Head from an Osiride Statue of Hatshepsut
- New Kingdom
- Dynasty 18
- Joint reign of Hatshepsut and Thutmose III
- ca. 1479–1458 B.C.
- From Egypt, Upper Egypt, Thebes, Deir el-Bahri, Jaw from "Hatshepsut Hole"/rest from Senenmut Quarry, MMA excavations, 1922–23/1926–28
- Limestone, paint
- h. 126.5 cm (49 13/16 in); w. 34.9 cm (13 3/4 in); d. 59.4 cm (23 in)
- Credit Line:
- Rogers Fund, 1931
- Accession Number:
This head originally belonged to one of the Osiride statues that were carved in high relief in niches along the rear wall of the upper terrace of Hatshepsut's temple at Deir el Bahri. Hatshepsut wears the Double Crown of Upper and Lower Egypt suggesting that the head was from a figure in one of the niches on the northern side of the terrace. Another head, 31.3.163, wears the White Crown of Upper Egypt and came from a niche on the southern side.

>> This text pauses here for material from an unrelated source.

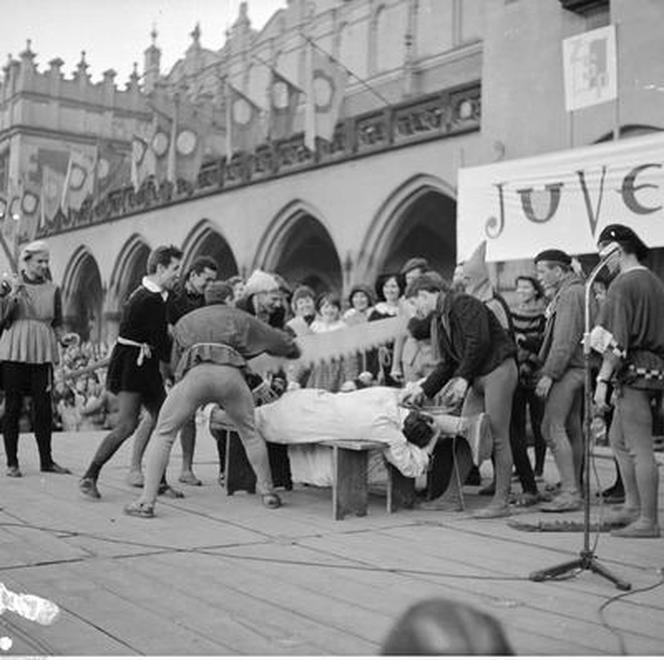 Kraków. Juwenalia w PRL-u. Tak bawili się studenci podczas otrzęsin beanów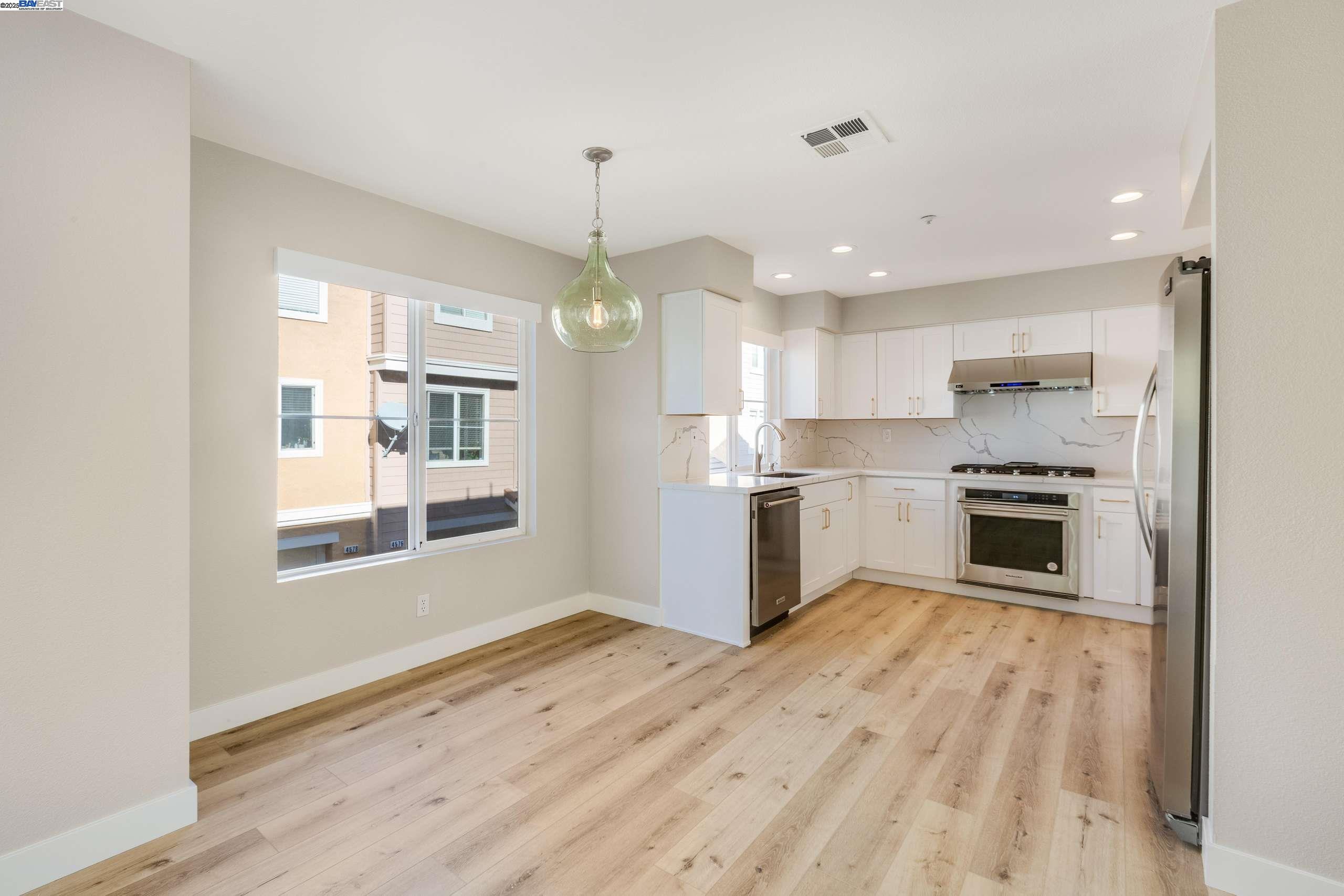 Detail Gallery Image 25 of 50 For 4579 Mangrove Dr, Dublin,  CA 94568 - 3 Beds | 2/1 Baths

These Osiride figures were architectural accents rather than freestanding statues and were carved from the same limestone blocks that were used to construct the temple itself. Four Osiride statues decorated the corners of the temple's shrine of Amun (31.3.153–.155), and a series of much larger statues were attached to the pillars at the front of the upper terrace (31.3.156, 31.3.158, 31.3.159).